* _GIVEN RECORDS_

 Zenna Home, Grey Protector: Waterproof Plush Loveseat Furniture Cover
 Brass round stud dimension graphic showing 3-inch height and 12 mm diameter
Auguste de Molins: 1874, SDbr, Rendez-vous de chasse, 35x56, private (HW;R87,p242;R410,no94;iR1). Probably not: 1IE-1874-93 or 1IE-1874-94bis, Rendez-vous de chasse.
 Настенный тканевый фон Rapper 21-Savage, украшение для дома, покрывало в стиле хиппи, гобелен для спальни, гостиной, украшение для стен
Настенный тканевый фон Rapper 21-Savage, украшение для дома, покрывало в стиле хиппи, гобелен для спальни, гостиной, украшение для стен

---

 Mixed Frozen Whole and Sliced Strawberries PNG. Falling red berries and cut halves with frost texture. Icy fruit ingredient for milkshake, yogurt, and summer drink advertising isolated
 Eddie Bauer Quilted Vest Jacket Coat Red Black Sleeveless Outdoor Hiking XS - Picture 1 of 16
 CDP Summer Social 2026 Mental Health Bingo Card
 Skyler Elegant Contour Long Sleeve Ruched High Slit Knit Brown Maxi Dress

* * *

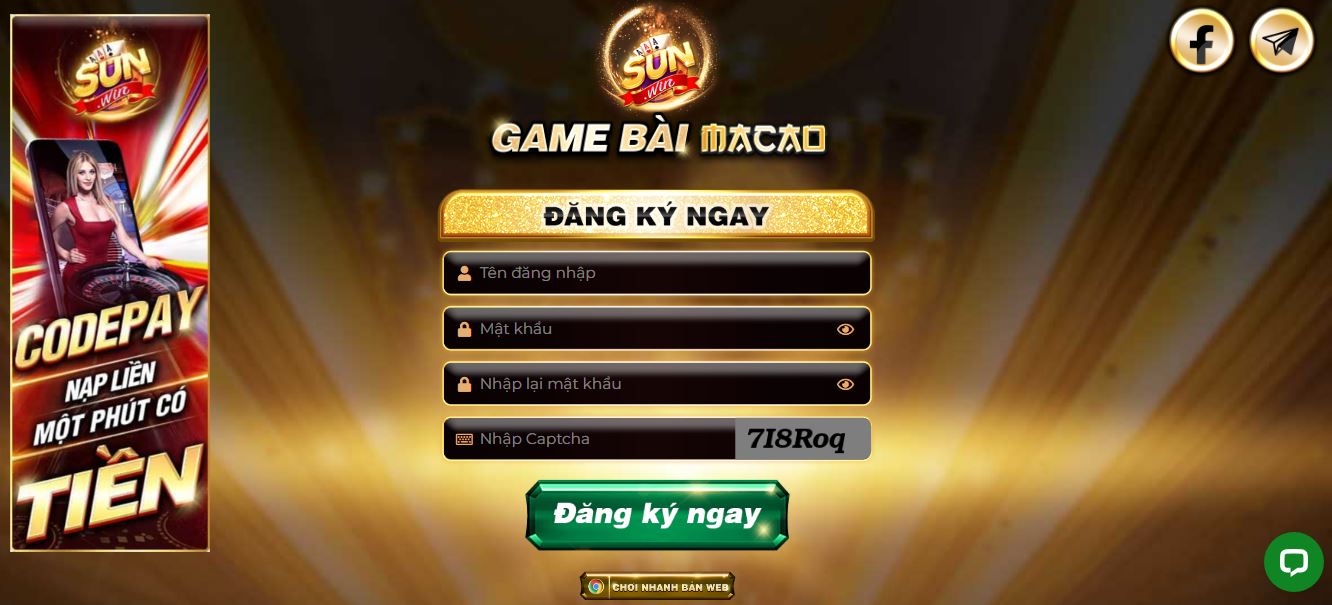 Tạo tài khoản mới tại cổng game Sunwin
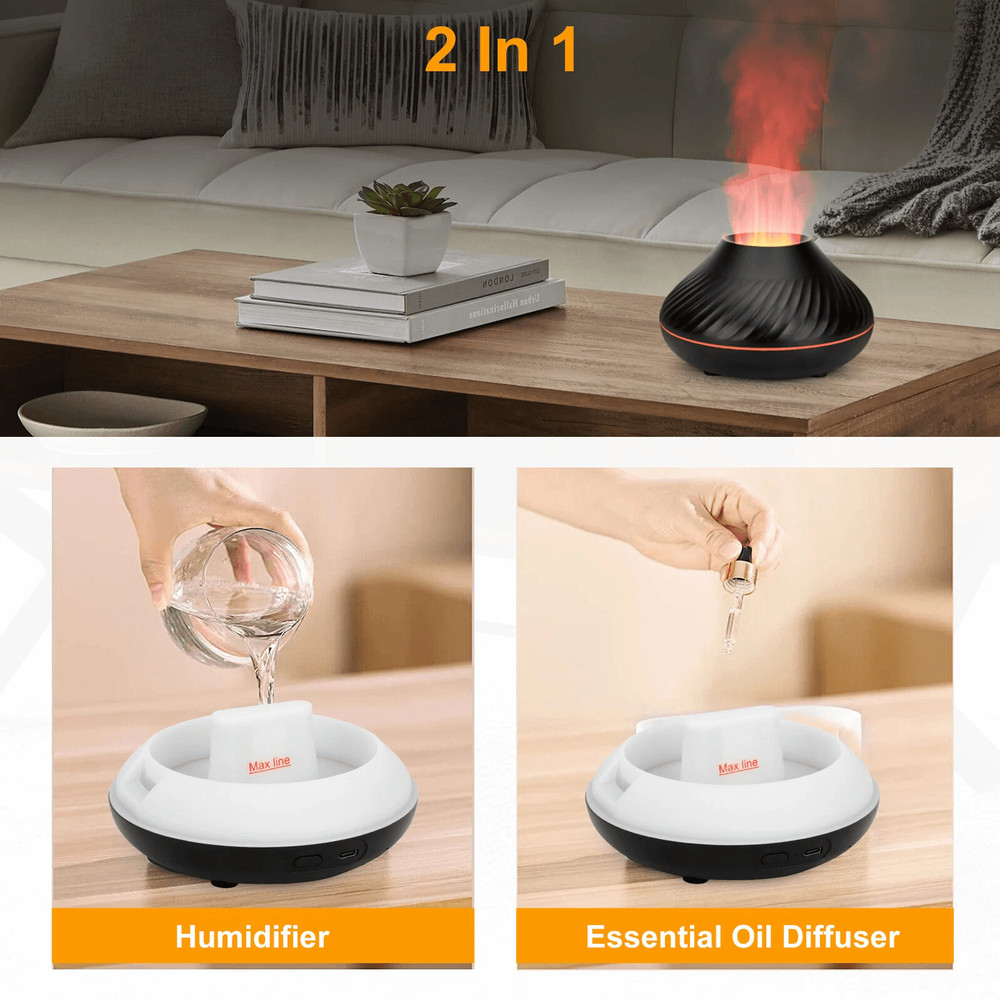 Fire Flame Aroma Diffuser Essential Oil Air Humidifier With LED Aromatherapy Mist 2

* _EXERCISE REQUIREMENTS_
What lines in the material above hold the string "украшение"? List them.

* _ANSWER SECTION_
 Настенный тканевый фон Rapper 21-Savage, украшение для дома, покрывало в стиле хиппи, гобелен для спальни, гостиной, украшение для стен
Настенный тканевый фон Rapper 21-Savage, украшение для дома, покрывало в стиле хиппи, гобелен для спальни, гостиной, украшение для стен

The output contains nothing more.